The petitioners argued that while a 2010 notification of the Medical Council of India had said that all-India quota seats can be distributed as per the reservation policies of the respective states, the Centre never implemented it.
According to the All India Federation of Other Backward Classes Employees Welfare Associations, the alleged violation of the reservation policy had led to “not a single seat” being allotted to OBC candidates when there were nearly 8,000 MD/MS seats across states in 2020. “Since 2017 onwards, nearly 40,842 seats were given by the states to AIQ (all-India quota) but the allotment to OBCs was zero,” said a statement from AIBOC.
Asking for a committee to be set up, the first bench of Chief Justice A P Sahi and Justice Senthilkumar Ramamoorthy said any decision it makes shall be applicable only from the next academic year and that the Centre can pass any legislation to provide OBC reservation in the all-India quota seats for medical admissions.
The bench also said it was not passing a positive order to provide reservation in view of the settled law that courts cannot interfere in policy matters of the government unless fundamental rights are affected. “Reservation is not a legal and fundamental right,” the court said.
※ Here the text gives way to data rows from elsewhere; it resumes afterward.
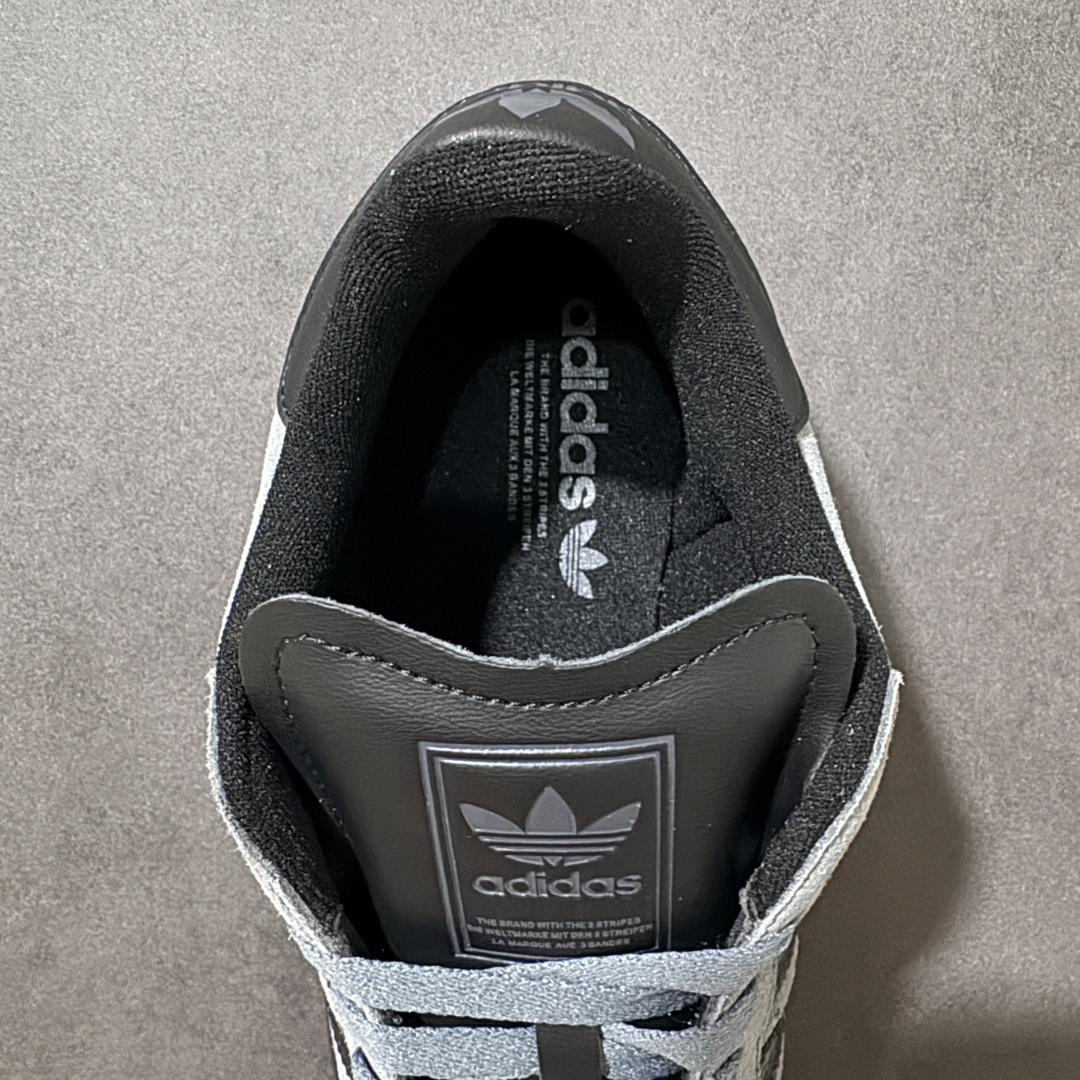 图片[6]-【H11顶级头层版】adidas originals Superstar 2 贝壳头 简约经典 舒适时尚 复古板鞋 男女同款 黑白 货号：JH7697 全新升级版 皮料改进至头层原厂皮 原盒 原底原料 开模打造 原厂织唛鞋标 高精密准度 原楦原纸板开发 匹配原版98%以上 后跟垫棉独家呈现 反口里弧度正确 原厂鞋垫 背胶 后跟电绣针数 与正品一致 原厂皮料 原厂车缝线 质感无敌 皮料切割干净 无任何毛边 清洁度细节完美 进口港宝加持 后跟自然饱满 还原公司包裹性 鞋面采用原装数据贴合技术 全方位贴合包裹脚型 鞋跟部鞋底牵引设计 提供强大的抓地性能 更适应不同实战场地路面 尺码：35.5 36 36.5 37.5 38 38.5 39 40 40.5 41 42 42.5 43 44 45-莆田鞋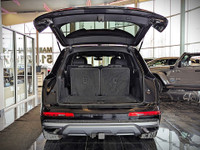 Comes equipped with: Power Trunk, Power Mirrors, Sunroof , Load Bearing Exterior Rack, Shark fin ant... (image 8)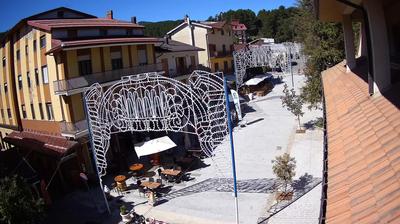 immagine della webcam nei dintorni di Monte Curcio: webcam Camigliatello Silano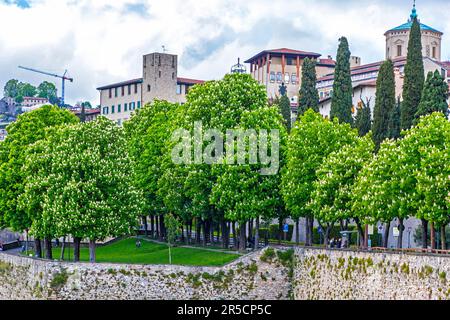 St. John's Park (Italienisch: Parco di San Giovanni) in der Altstadt von Bergamo, Provinz Lombardei, Italien Stockfoto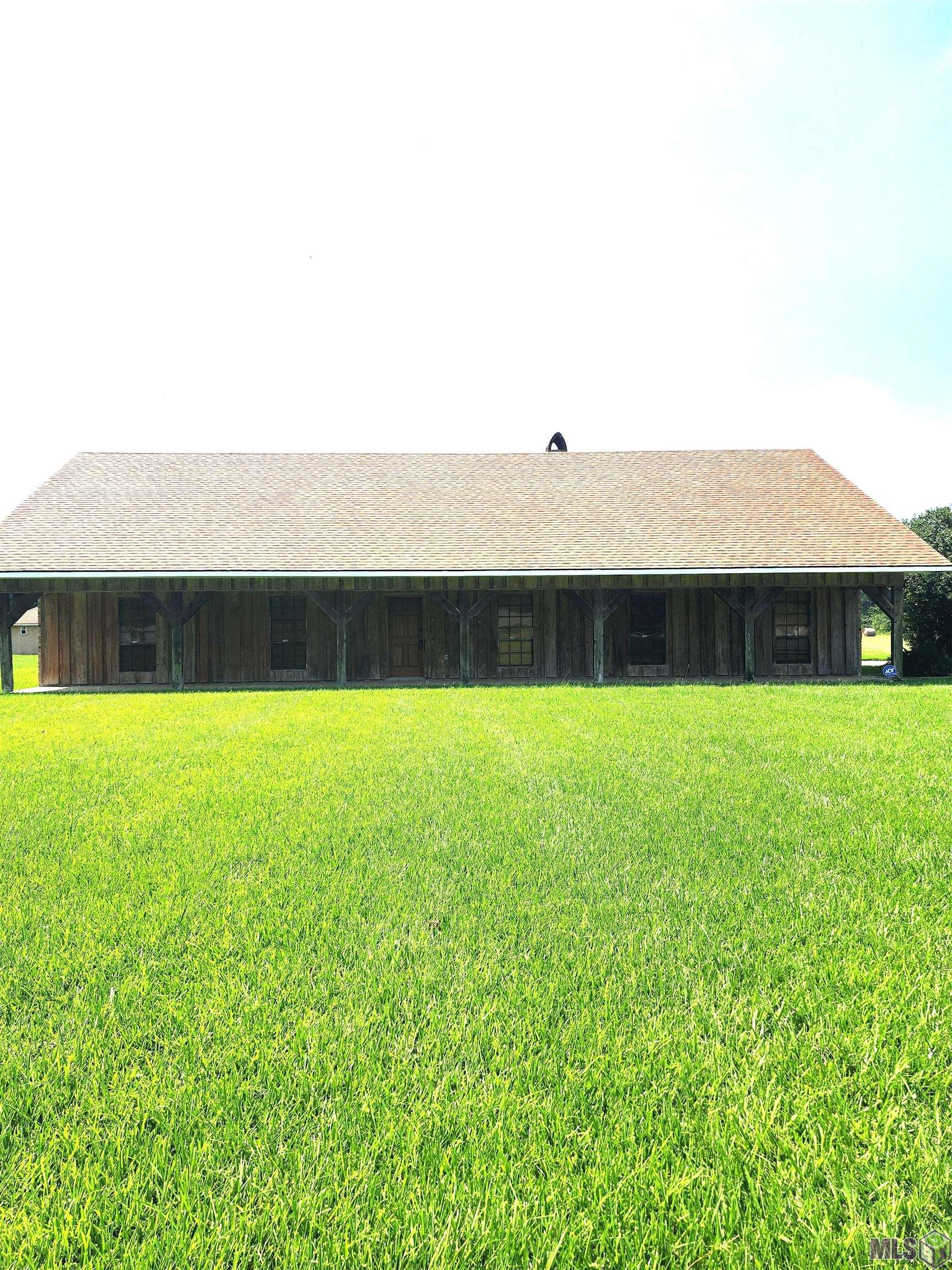 Homes for sale in Ventress, LA | 13266 Ventress Rd, Ventress, LA 70783 | MLS# BR2025011160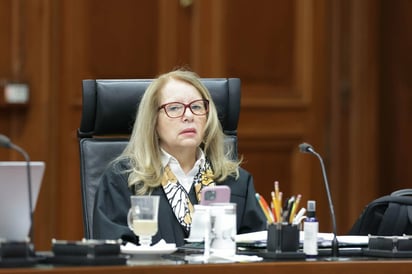 Gritos y música interrumpen sesión del Pleno de la SCJN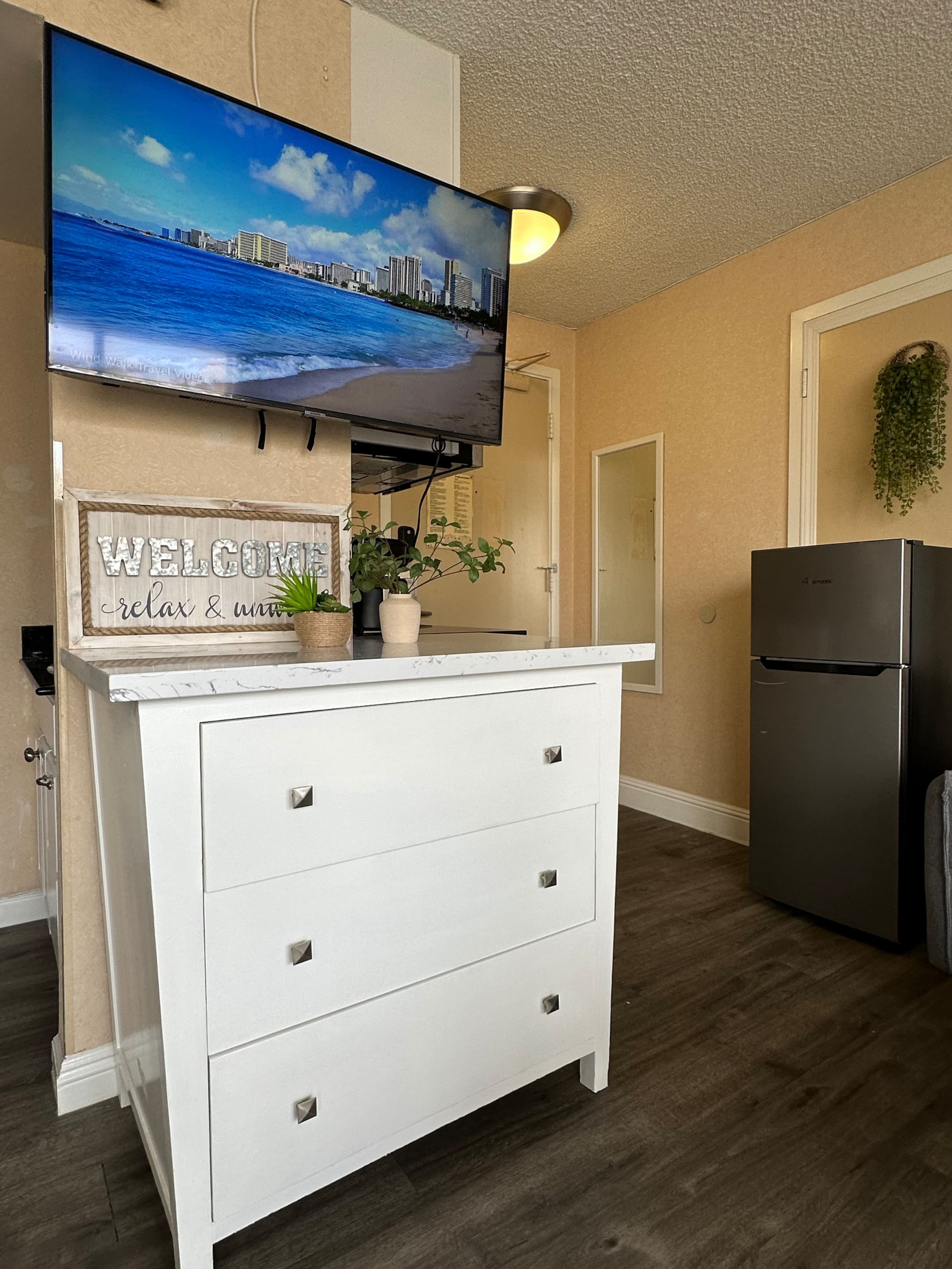 Studio by Waikiki Marketplace 11F - Image 1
The Opposition DMK passed a resolution calling the court order a historic judgment and saying the order shows that Tamil Nadu will be at the forefront of implementing social justice. The DMK had earlier legally challenged the Centre’s 10% quota for economically weaker sections, saying that reservations were not for poverty alleviation but more like social justice programmes.
The PMK, an ally of the AIADMK-BJP alliance in the state and backed by a powerful OBC-Vanniyar community in northern Tamil Nadu, had in June said that the Centre’s refusal to provide reservation for OBCs in AIQ seats was “unjust and rigorous”.